44 ECT cartons are the tougher option, and I mean that in the literal sense. They offer better edge crush resistance, which usually translates into better stacking performance. For heavier products, that extra margin matters. It matters even more if the cartons will sit on a pallet, move through multiple facilities, or travel in a distribution chain where handling is not exactly gentle. Many 44 ECT builds use a stronger flute profile and a heavier liner combination, such as 275# or 350# board equivalents, which helps the carton stay upright under load.

In a supplier audit I attended outside Atlanta, a tooling company was packaging metal accessories in a standard carton that looked fine until it hit the warehouse staging area. The stacks were high, the pallet wrap was average, and the lower cartons were taking a beating. Switching to 44 ECT cartons reduced the crush-related claims noticeably, though it also raised the unit packaging cost. That tradeoff made sense because the product value was high and the damage rate had been eating into margin. The quoted delta was $0.09 per unit on a 7,500-piece order, and the plants in North Carolina and Mexico could both produce it in 12 to 15 business days after proof sign-off.

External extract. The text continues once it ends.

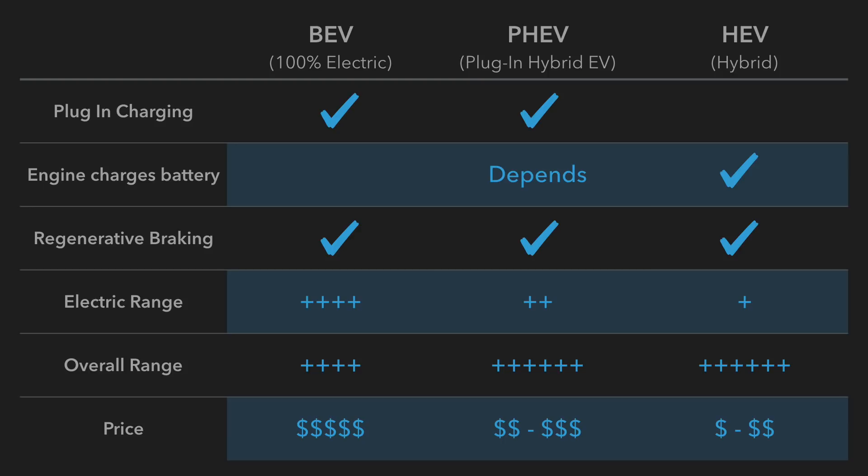In terms of pure electric range, battery electric vehicles like a Tesla have a really good range — they can get you sometimes 400 to 500 kilometers depending on what model you get. Plug-in hybrid electric vehicles have a better electric range than pure hybrid electric vehicles, but not much better. We're talking around 30 to 40 kilometers in a plug-in hybrid versus maybe two kilometers in a hybrid.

Still, 44 ECT cartons are not the right answer for every SKU. For light items, the extra board can be wasted money. It can also add a small amount of weight, which matters if you are constantly measuring shipping thresholds and dimensional weight charges. A stronger box that pushes you over a carrier threshold can be a bad deal, even if it feels safer. I’ve watched teams celebrate a sturdier spec and then stare at freight invoices like they’d been personally betrayed. A carton that adds 3.4 oz to every shipment across 18,000 orders is not a tiny detail; it is a quarterly line item.

Here is how I would summarize the two in plain terms:

  • 32 ECT cartons reward precise packing and disciplined SKU management.
  • 44 ECT cartons reward heavier loads, stacking, and less predictable handling.

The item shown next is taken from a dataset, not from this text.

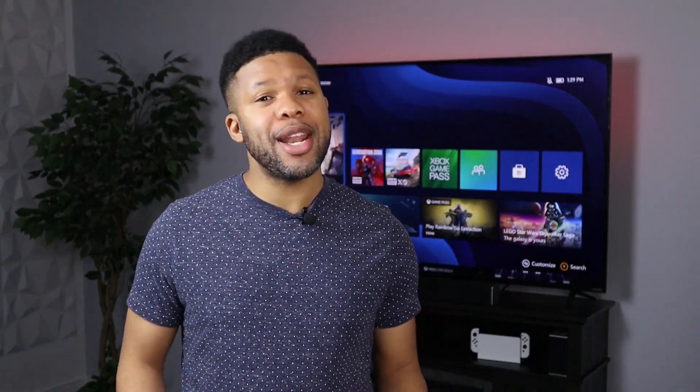What's up guys, I'm Shandell and I love gaming, but gaming can be an expensive hobby. Consoles costing hundreds of dollars, gaming PCs costing thousands, and new games now costing up to $70. So I'm going to share some tips to help you save money on gaming while still enjoying great games. Let's get into it.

If you are trying to compare 32 ECT vs 44 ECT cartons for apparel versus glassware, the answer is usually obvious. Apparel goes 32 ECT in most cases. Glassware often needs more than just a stronger box; it needs correct cushioning, dividers, and maybe a different carton style entirely. A stronger corrugated shell cannot compensate for bad internal packing. I’ve said this in meetings so many times I could probably have had it printed on a tote bag. One client in Toronto used a 32 ECT carton with a die-cut divider set and 2 mm PE foam, and it worked because the internal structure was doing the real work.

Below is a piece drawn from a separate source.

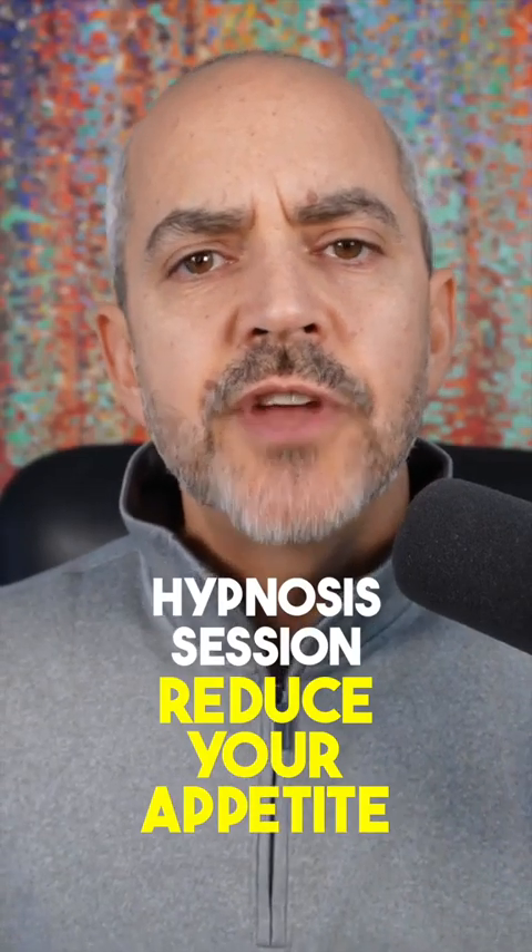This is a hypnosis session to help you reduce your appetite naturally, and you can use it right now just by closing your eyes or defocusing them using your peripheral vision.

The same is true for cosmetics versus tools. Cosmetics often do not justify 44 ECT unless the pack count is high or the products are unusually heavy. Tools, especially metal ones, can push you toward 44 ECT quickly because density creates compression risk. Single-item orders are easier. Multi-pack shipments are where the problems start. A 6 lb wrench set in a 10" x 8" x 6" box behaves very differently from a 6 oz serum kit in the same footprint.

I think some teams use 44 ECT as a comfort blanket. It feels safer. It looks more industrial. Comfort is not a packaging spec. Data is. I’ve watched a procurement lead in Nashville push for 44 ECT because “customers can tell it’s a better box,” then back down once we showed a side-by-side damage log from 4,200 shipments. The log was less poetic than the meeting, but a lot more useful.

Price Comparison: What 32 ECT vs 44 ECT Cartons Really Cost

Let’s talk money, because that is where the real argument usually lives. When you compare 32 ECT vs 44 ECT cartons, the direct box price is only the first line on the spreadsheet. Yes, 44 ECT cartons usually cost more because they use stronger board and often more material. But that price gap alone tells you almost nothing about the real cost of ownership. A 32 ECT shipper might land at $0.15 per unit on 5,000 pieces, while a comparable 44 ECT version might come in at $0.24 to $0.27 depending on size, print, and regional board pricing from mills in Wisconsin or Ontario.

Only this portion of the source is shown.